Single documents (a corpus) or multiple documents (a corpora) can be analyzed.



You can load text one of three ways:

  • Cut and paste
  • Upload files from your computer
  • Open a pre-created corpora from your files 

Open the  American Red Cross Text-Book  from the text box to the left, then open either the first HTML version or the plain text UTF-8 version. Select all of the text using the Ctrl A keystroke on a PC or the Command A keystroke on a MAC, copy it then paste into the box on the Voyant home page.

Click the REVEAL button and in a few minutes you'll see the results.

The Voyant result screen is divided into 5 segments or "skins," each displaying a different format of text analysis.

Mouse over the upper right corner of the Cirrus skin to reveal the task icons available in this skin.

The word cloud is the most obvious of the visualizations available in Voyant. The default minimum is 55 words:

  • the number of terms included can be adjusted with the radio button slider at the bottom of the skin
  • to adjust the specific terms in the word cloud, click on the Terms function at the top of the screen and use the check boxes to select terms
  • Clicking on the Links function will reveal a relational word cloud of key terms

Take a moment to notice what happens in each of the other 4 skins as you click on individual terms in the word cloud.

Explore the Trends skin:

  • Default display shows the top 5 most frequently occurring words in the text
  • Displays the distribution of these words across 10 equal divisions of the single text
  • Display options allow for different chart formats  

Customize Your Trends Skin:

Let's explore the relationship of several terms in this text. I'm interested in how the words "mother" "father" and "child" relate to one another throughout the text. Type each of these words into the search box at the bottom of the Trends skin to add them to the visualization.

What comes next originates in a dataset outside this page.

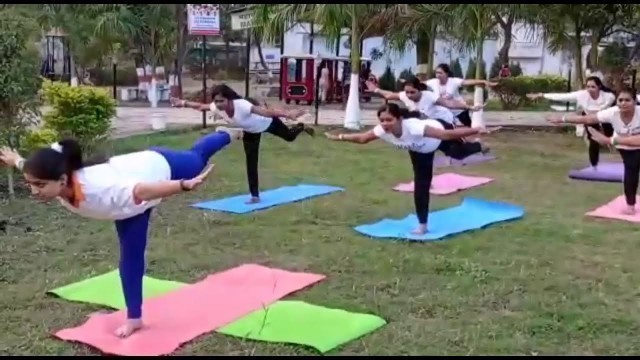 'Republic day special | Teri mitti - Kesari | OM SAI Fitness club | Patriotic yoga dance'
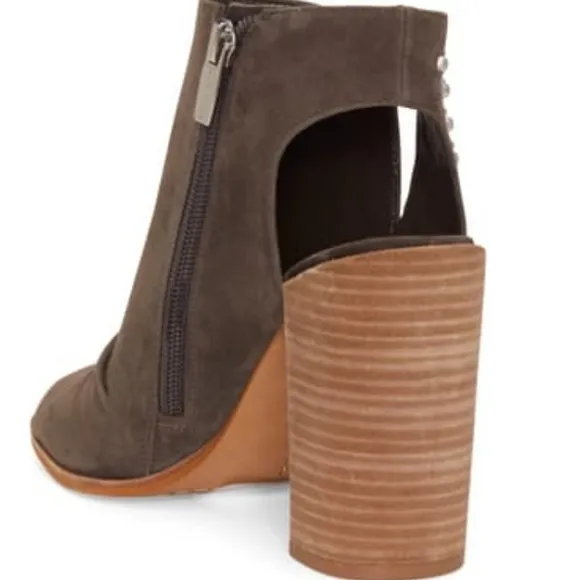 Vince Camuto Machine Grey Suede Peep toe sandals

Hover your mouse pointer over the to see a list of syntax variations you can perform. Perhaps most useful is the option for proximity searching: ~5 to locate words within 5 words of each other (or other number that is appropriate for the situation).

The Context skin is where we will explore the other visualization tools that are part of Voyant. 

 Move your mouse into the tile bar on the Context skin and click on the Window icon that will appear. You'll see a menu of options. Let's look at the Corpus Tools option. You're familiar with several of these - Cirrus, Terms, and Summary - as they are already visible in the standard Voyant display. We'll take a closer look at the Word Tree, Topics, and the Scatterplot tools.

Lastly, we'll look at how Voyant processes and helps you analyze several texts as a unit - known as a corpora.

 My example for this workshop uses several articles I've downloaded from my Zotero file which I am hypothetically using to write a literature or systematic review article. I want to see if Voyant will help me identify the key themes among the articles and the relationships of those themes across the selected literature.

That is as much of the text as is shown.